Lee Elliot Major on how political grid-lock is harming education in the US
Manhattan’s frenetic streets in New York have always been a thrilling, nerve jangling experience for visiting Brits. Perhaps I’m just getting less relaxed in my middle age, but last week during a Sutton Trust visit, I noticed that the traffic has become all but grid-locked on the famous mesh of streets and avenues that define the city. All road etiquette seems to have been abandoned, as the yellow taxis and black limos fight for every inch of space, with little respect for people crossing the road. I opted for the much easier mode of transport: travelling by foot.
This image stayed with me as I flew back to London – as it symbolised so perfectly America’s current troubles. As someone who had admired greatly the United States for its aspirational spirit, ‘can do’ culture and work ethic, I came away feeling like I’d left a deeply divided and dysfunctional country. I worry that this will damage the nation’s education prospects. And render the American dream a relic of a once golden past.
The problem is that Senators and Congressmen are aping the worst tactical games of our Members of Parliament in the UK. Personal or local considerations are being sacrificed for the greater interests of the political party as a whole. That sort of works in Westminster, where the ruling party enjoys a majority of votes in Parliament; but not in Washington. In contrast to the UK, the executive and legislature are separated in the US: even if President Obama wants to pass a Bill he doesn’t have the loyal foot-soldiers in the Senate and the House of Representatives to make it happen. And to make matters worse, the very concept of federal Government action is anathema to some Republicans.
Education is the helpless victim of this political impasse. US Education Secretary Arne Duncan, who oversees billions of dollars in federal education budgets, is all but powerless to enact some of the programmes he envisioned for his second term. One flagship policy was to fund pre-school education for all four year olds from low income homes – to narrow the stark education gaps that already exist when children start school. Instead he has had to oversee cuts to education spending as part of the recent compromise budget agreed by Republicans and Democrats. Education, unlike a bad economy or a military action overseas, is by its nature a long term issue, unlikely to get the immediate political spotlight. It was conspicuous for its absence from the Presidential election debates last year.
From a London-centric UK, it has always been refreshing to experience the fierce independence of the different States in the US (which allocate around 90% of education funds). But across the country bitter battles are being fought over education at state level as well.

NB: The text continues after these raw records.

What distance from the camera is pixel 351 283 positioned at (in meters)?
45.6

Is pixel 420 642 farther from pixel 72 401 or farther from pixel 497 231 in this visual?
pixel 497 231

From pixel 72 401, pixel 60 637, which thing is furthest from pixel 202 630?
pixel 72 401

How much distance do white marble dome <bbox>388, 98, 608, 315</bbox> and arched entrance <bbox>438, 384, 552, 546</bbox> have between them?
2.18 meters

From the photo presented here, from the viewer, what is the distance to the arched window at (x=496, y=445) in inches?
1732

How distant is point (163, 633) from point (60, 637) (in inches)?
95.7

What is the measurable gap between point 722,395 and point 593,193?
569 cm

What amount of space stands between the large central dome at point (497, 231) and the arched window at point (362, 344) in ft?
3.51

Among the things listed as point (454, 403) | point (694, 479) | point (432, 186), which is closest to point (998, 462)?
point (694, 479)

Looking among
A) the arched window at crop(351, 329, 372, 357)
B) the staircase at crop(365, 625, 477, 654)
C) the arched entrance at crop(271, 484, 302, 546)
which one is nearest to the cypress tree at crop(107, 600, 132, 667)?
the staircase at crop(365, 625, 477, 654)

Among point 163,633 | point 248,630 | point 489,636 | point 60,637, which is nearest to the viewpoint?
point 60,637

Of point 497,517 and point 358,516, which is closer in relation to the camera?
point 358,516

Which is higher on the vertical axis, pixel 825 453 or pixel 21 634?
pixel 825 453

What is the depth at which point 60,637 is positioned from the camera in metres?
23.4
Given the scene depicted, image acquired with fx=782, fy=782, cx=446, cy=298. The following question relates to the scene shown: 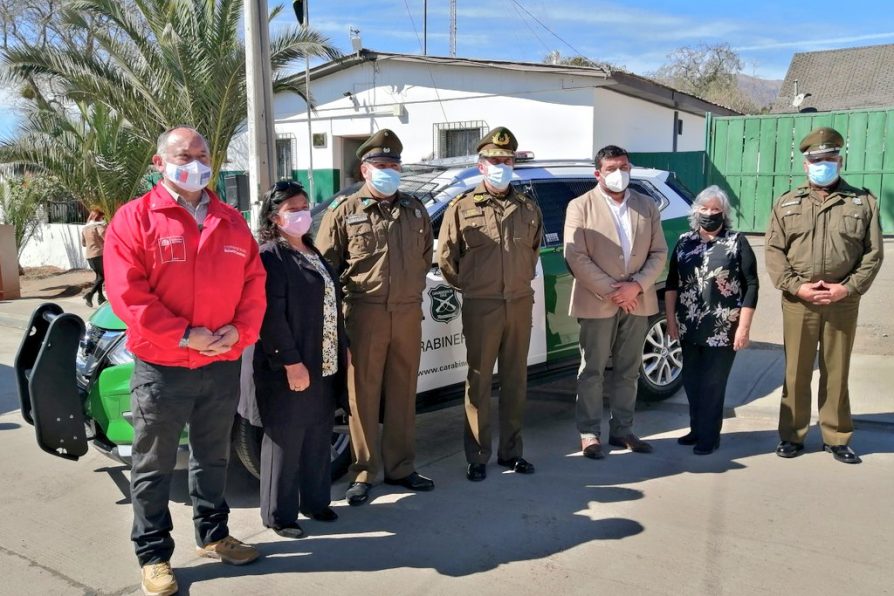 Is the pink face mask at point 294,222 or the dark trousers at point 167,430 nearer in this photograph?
the dark trousers at point 167,430

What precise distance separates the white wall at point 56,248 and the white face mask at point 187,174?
611 inches

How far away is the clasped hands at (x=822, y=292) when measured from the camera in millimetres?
4914

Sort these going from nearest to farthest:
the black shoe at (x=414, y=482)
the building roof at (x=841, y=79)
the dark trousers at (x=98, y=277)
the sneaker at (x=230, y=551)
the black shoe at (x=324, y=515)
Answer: the sneaker at (x=230, y=551) < the black shoe at (x=324, y=515) < the black shoe at (x=414, y=482) < the dark trousers at (x=98, y=277) < the building roof at (x=841, y=79)

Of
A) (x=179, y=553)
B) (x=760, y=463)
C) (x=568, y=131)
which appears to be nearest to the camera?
(x=179, y=553)

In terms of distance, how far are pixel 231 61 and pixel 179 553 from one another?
8840mm

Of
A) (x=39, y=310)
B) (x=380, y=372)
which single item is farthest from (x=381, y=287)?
(x=39, y=310)

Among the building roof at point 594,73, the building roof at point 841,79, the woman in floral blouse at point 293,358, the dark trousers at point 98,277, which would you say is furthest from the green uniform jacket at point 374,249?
the building roof at point 841,79

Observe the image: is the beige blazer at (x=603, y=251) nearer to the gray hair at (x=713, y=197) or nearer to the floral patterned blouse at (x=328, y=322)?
the gray hair at (x=713, y=197)

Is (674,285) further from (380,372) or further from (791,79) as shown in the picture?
(791,79)

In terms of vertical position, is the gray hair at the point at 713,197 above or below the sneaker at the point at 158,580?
above

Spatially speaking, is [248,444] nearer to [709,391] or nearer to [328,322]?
[328,322]

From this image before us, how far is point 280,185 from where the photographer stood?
13.0ft

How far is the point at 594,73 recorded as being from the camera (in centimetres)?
1296

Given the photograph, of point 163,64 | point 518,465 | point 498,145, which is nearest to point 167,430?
point 518,465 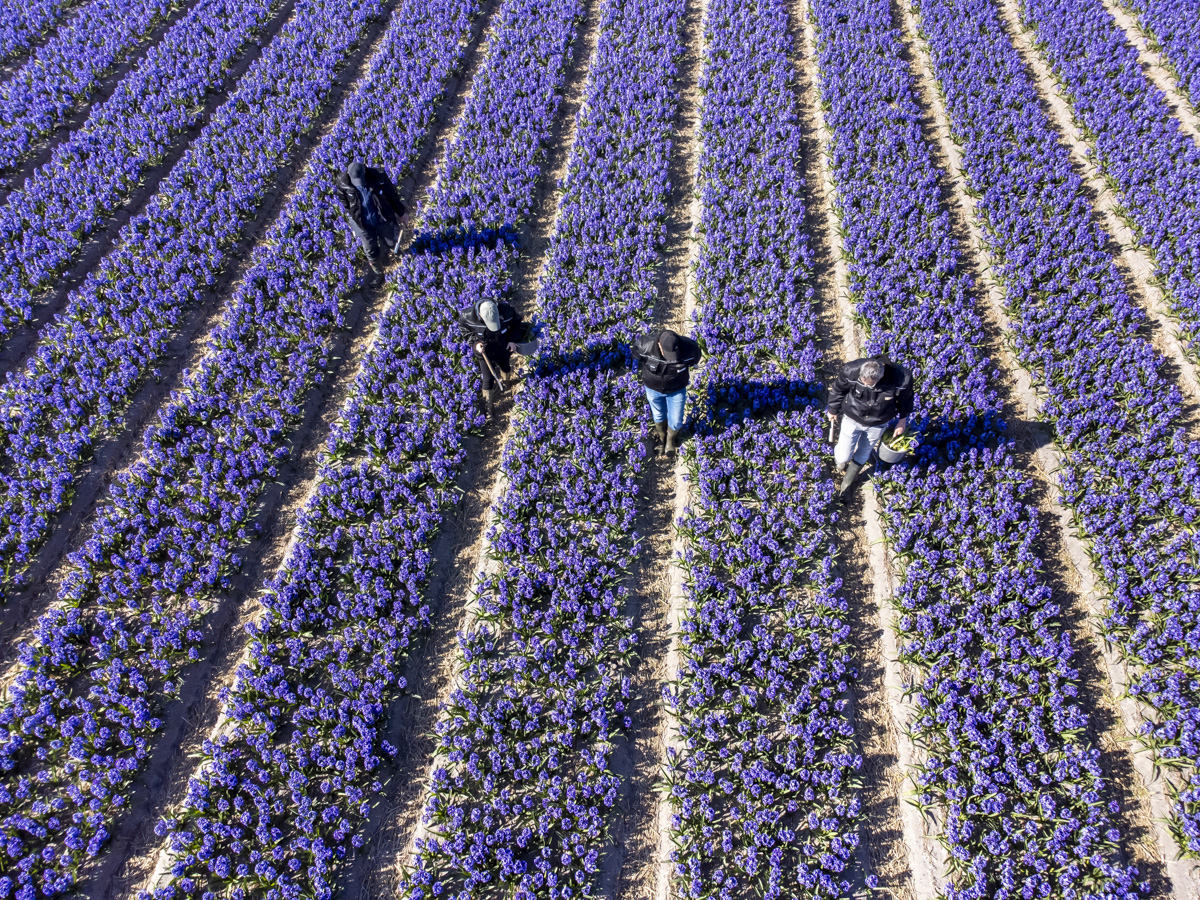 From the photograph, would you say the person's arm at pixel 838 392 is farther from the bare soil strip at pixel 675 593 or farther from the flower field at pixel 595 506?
the bare soil strip at pixel 675 593

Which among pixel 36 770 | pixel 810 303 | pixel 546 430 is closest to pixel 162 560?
pixel 36 770

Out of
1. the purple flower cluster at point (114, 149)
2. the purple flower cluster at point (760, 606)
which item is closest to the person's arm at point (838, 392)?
the purple flower cluster at point (760, 606)

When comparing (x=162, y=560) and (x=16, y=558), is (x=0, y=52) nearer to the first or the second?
(x=16, y=558)

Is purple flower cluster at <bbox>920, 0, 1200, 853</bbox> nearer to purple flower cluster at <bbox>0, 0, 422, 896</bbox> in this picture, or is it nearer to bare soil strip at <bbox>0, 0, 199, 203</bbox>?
purple flower cluster at <bbox>0, 0, 422, 896</bbox>

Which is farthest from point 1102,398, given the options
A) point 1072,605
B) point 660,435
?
point 660,435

On one side are reformers wanting to introduce more competition between schools, common test scores and teacher evaluations that distinguish genuinely between good and poor performers. On the other are the skeptics, backed by the powerful teacher unions, who argue that the focus on competition and test scores will hinder not help teaching and learning in the classroom.
The uncomfortable truth for the US is that progress is only likely if these two polarised camps can find some common ground. Nations that have performed well educationally on the global stage have one stand-out feature: a partnership between Government reformers and teacher leaders working together for the greater good.

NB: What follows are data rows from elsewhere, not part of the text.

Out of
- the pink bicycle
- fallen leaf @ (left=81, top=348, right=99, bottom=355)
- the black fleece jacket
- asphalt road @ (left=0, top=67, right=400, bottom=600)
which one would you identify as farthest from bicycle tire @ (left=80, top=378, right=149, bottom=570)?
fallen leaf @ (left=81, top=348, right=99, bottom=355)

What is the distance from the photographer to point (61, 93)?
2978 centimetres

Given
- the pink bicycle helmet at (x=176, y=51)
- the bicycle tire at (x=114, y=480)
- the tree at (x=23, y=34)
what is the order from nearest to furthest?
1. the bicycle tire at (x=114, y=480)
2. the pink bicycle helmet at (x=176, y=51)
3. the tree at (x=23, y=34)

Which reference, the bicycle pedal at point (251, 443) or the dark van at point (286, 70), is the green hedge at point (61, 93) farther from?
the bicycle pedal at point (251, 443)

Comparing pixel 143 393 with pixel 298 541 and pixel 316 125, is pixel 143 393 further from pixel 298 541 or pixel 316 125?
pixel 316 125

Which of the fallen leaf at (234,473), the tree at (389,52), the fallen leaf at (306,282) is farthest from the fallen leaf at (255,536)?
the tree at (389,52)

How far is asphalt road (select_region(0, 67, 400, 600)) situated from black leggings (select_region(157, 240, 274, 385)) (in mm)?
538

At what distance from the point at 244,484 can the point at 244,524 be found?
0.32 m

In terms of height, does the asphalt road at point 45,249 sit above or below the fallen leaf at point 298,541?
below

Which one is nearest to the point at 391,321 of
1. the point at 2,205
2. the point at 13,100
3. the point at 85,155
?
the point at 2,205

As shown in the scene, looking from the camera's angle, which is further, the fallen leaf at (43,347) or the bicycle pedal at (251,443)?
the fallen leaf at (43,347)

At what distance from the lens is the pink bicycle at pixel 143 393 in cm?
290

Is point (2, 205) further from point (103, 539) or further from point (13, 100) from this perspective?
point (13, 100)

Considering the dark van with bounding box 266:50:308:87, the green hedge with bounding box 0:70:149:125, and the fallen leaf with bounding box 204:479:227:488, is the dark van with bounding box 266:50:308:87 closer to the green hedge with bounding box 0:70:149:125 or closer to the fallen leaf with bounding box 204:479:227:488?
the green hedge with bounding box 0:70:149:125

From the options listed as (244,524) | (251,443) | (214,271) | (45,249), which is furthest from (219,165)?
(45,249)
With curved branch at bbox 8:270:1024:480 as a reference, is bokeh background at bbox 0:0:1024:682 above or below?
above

The real victims in all this are of course America’s children. The most shocking divide is that between the education haves and have-nots – in this nation once the global beacon of social mobility. Just to quote one of many depressing statistics: seventy-five percent of students at the most selective colleges and universities in the US are from the top quarter of the income distribution; while only 3 percent are from the bottom quartile. The US is slowly but surely losing the global education talent race.

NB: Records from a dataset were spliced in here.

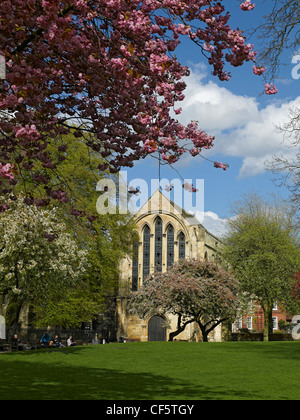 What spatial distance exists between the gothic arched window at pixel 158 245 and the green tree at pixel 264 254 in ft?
25.8

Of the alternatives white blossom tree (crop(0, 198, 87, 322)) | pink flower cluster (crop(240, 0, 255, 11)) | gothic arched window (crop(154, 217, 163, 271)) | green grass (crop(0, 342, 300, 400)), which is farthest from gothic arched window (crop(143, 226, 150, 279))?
pink flower cluster (crop(240, 0, 255, 11))

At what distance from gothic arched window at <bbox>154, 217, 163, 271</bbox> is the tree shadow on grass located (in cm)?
4003

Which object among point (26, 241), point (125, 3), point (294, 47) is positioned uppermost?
point (294, 47)

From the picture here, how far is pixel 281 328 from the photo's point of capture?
76562 millimetres

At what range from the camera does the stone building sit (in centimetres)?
5647

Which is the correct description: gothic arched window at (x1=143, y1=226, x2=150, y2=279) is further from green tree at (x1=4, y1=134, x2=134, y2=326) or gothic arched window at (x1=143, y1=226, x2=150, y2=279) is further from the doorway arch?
green tree at (x1=4, y1=134, x2=134, y2=326)

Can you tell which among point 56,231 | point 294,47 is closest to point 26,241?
point 56,231

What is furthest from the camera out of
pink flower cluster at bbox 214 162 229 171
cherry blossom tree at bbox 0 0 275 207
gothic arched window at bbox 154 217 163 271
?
gothic arched window at bbox 154 217 163 271

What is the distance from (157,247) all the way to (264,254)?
13.1m

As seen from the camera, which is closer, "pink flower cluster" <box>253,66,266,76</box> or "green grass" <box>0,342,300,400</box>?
"pink flower cluster" <box>253,66,266,76</box>

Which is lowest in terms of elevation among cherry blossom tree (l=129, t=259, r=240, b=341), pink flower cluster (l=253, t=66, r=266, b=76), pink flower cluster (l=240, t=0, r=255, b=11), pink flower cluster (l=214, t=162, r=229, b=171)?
cherry blossom tree (l=129, t=259, r=240, b=341)

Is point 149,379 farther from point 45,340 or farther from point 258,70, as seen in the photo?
point 45,340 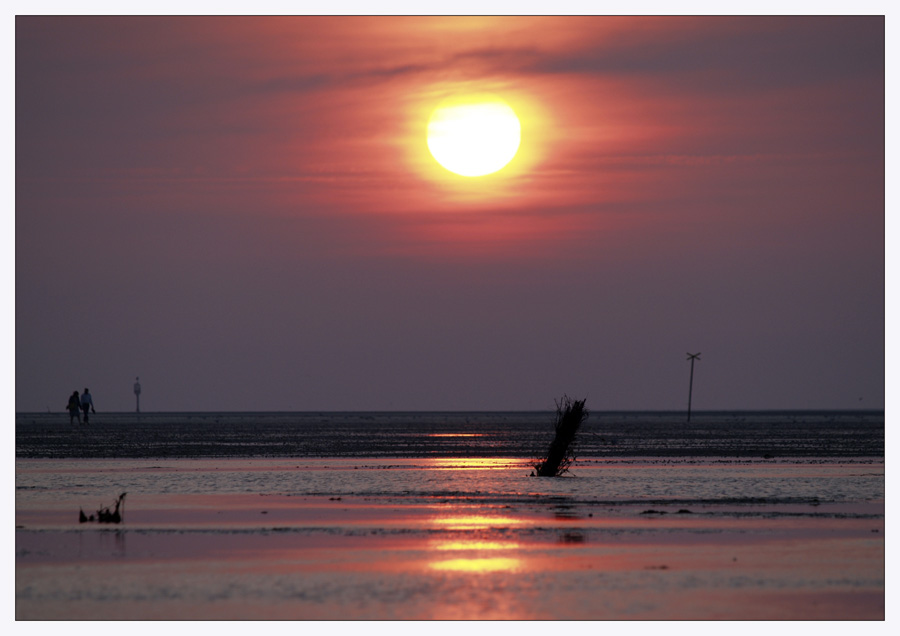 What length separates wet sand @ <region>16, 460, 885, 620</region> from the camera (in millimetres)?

An educationalist respected on both sides of the Pond, Sir Michael Barber, recently posted a thought on twitter after visiting Silicon Valley: “Incredible entrepreneurship + the Common Core = US at forefront of global education reform. May be?”
I really hope his slightly guarded optimism is proved right. The impact of establishing common standards across States should not be underestimated. But right now I can only remember the cars jammed against each other amidst the fumes, stuck in New York’s streets, all sense of common purpose seemingly lost.